In flow cavitation, the flow velocity primarily determines the number and characteristics of the cavitation bubbles. The amplitude, number of cavitation pulses and microjet impact speed rise with the flow velocity, intensifying the cavitation erosion process. Measurements of the surface hardness and the progression of damage over time underscored the importance of analysing stress development in 316L steel resulting from repeated microjet impacts [25]. Considering the cavitation erosion process, those conditions in the simulation were represented by the two successive microjet impacts.

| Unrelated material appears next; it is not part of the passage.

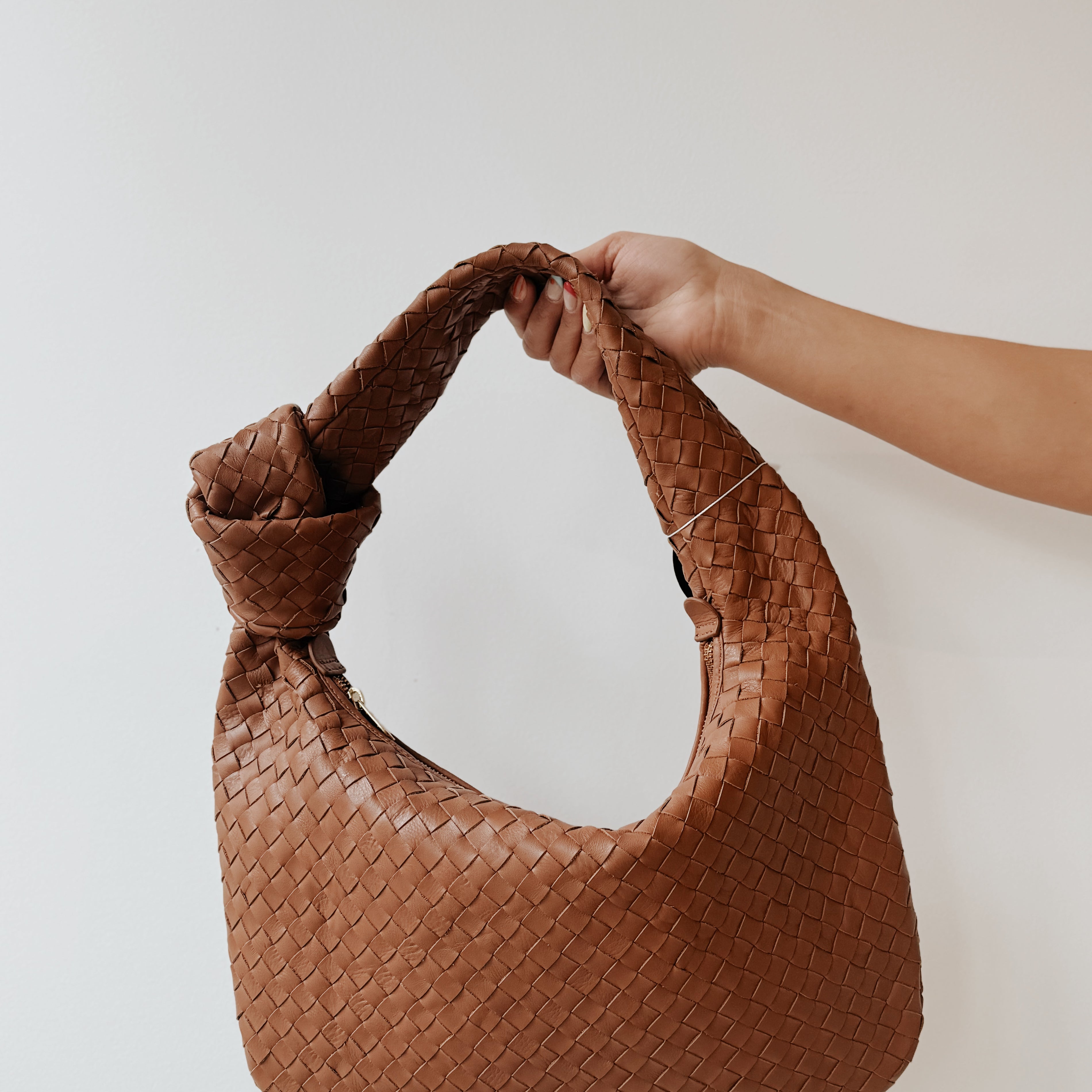 RISA ZAR HAND WOVEN BAG - TAN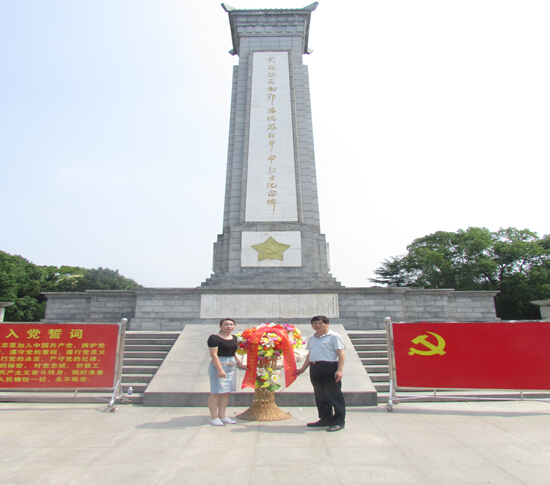 农交中心领导班子赴红安接受革命传统教育，向烈士纪念碑敬献花篮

The general material properties for coating and substrate, available in the Explicit Material library in ANSYS Engineering Data Sources, used in the simulation are detailed in

Table 3. The material properties of 316L steel and CrN coating adopted in numerical calculations.

Property	316L	CrN	Unit
Density	7990	5900	kg/m3
Young’s Modulus	193	200	GPa
Poisson’s Ratio	0.3	0.2	-
Bulk Modulus	160.8	111.1	GPa
Shear Modulus	74.2	83.3	GPa
Specific Heat	452	477	J/kgK
Strain Rate Correction	First-Order	First-Order	-
Initial Yield Stress	307	950	MPa
Hardening Exponent	0.36	0.095	MPa
Hardening Constant	275	1000	-
Strain Rate Constant	0.022	0.012	-
Thermal Softening Exponent	1	1	-
Melting Temperature	1537.9	1436.9	°C
Refresh Strain Rate	1	1	1/s
Maximum Yield Stress	600	2200	MPa

. For 316L steel, the Johnson and Cook [33] the model was adapted. This model characterizes the inelastic behaviour of solids (such as elasto-plastic hardening under significant strains) as a function of the rates of equivalent plastic strain and temperature across defined ranges. In 316L steel, permanent deformation occurs when local equivalent stresses surpass the material’s yield stress (307 MPa), leading to dislocation movement, slip initiation, twinning, crack growth and phase transformations in metals [25]. When atomic planes slide past one another due to the movement of dislocations, plastic deformation (microyielding) occurs. While the accurate simulation of these phenomena is beyond the reach of any available finite element (FE) solver, choosing an appropriate set of material data (which reflect the effects of these processes) and an effective simulation strategy (which measures the energy released by microjet impacts) can provide a reasonable (volume-averaged) approximation of the cavitation erosion effects. Using volume-averaged material properties simplifies the simulation by smoothing out the effects of microstructural variations (e.g., grain boundaries, defects). This approach is suitable for capturing general trends in the material’s response to impacts, especially when the aim is to understand the overall material response rather than the behaviour of specific microstructural features. The downside is that results do not capture localised effects that could be significant in real materials such as the influence of microstructural heterogeneities on the formation of cracks or the initiation of localised plastic deformation.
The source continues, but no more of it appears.